The problem is that ever-closer union is exactly what we don’t want. Earlier this month, Britain’s prime minister, David Cameron – best described as a right-wing In voter – wrote to Donald Tusk, the president of the European Council (and former Polish prime minister), with four demands. These included legal protection to prevent non-eurozone EU countries from being treated like second-class members of the club; the setting of goals to reduce red tape emanating from Europe; greater autonomy and a stronger voice for national parliaments in the EU; and more say over immigration and welfare. But, in Cameron’s words, “our concerns really boil down to one word: flexibility”. The Outs, of course, wanted much more. But as Mark Field MP put it, the letter represented the “art of the possible”, and Cameron hopes these demands will be enough to keep Britain at the heart of a reformed EU – but he also pointed out that life will go on whether we remain a member or not.
Spot the difference
So if both Ins and Outs agree that the EU is flawed, and that Britain needs more autonomy from Brussels, where do the differences lie?
The Ins, both left and right-wing, see Britain as the bridge between Europe and the English-speaking world. The EU would be weaker without us, and the risks to us of leaving are too high, so why rock the boat? Britain should stay, and improve the EU from within.

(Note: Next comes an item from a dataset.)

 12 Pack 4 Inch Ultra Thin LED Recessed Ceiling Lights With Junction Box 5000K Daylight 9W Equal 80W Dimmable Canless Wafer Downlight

The Outs, on the other hand, come at the issue from the opposite ends of the political spectrum. The Outs on the right cite greater global trade, less regulation, and improved controls over immigration as benefits of leaving the EU, but they want to keep the free movement of capital, goods and labour. The Outs on the left see the EU as anti-socialist. They want the ability to nationalise or subsidise industries – for example, EU rules prevent Britain from bailing out its collapsing steel industry. But they like the social chapter and the working directives. But what both types of Out share in common is that they want our laws to be written in Britain, not Brussels.
What might Brexit look like?
Many cite Norway and Switzerland as models to follow. However, in reality, they are both special cases and Britain needs to find its own way. Switzerland is arguably the most democratic country in the world. Power is truly decentralised to the cantons and town halls. It would have been entirely unconstitutional for Switzerland to shift power to Brussels. The Swiss stayed on the fringes to protect their democracy. In this sense, Britain is nothing like Switzerland.
As for Norway – the nation held a referendum on joining the European Economic Community in 1972 and 53.5% of voters said “no”. The Norwegian government dragged them into the European Economic Area regardless in 1994. That gives them 100% of the regulations and 0% of the say – hardly an enviable position.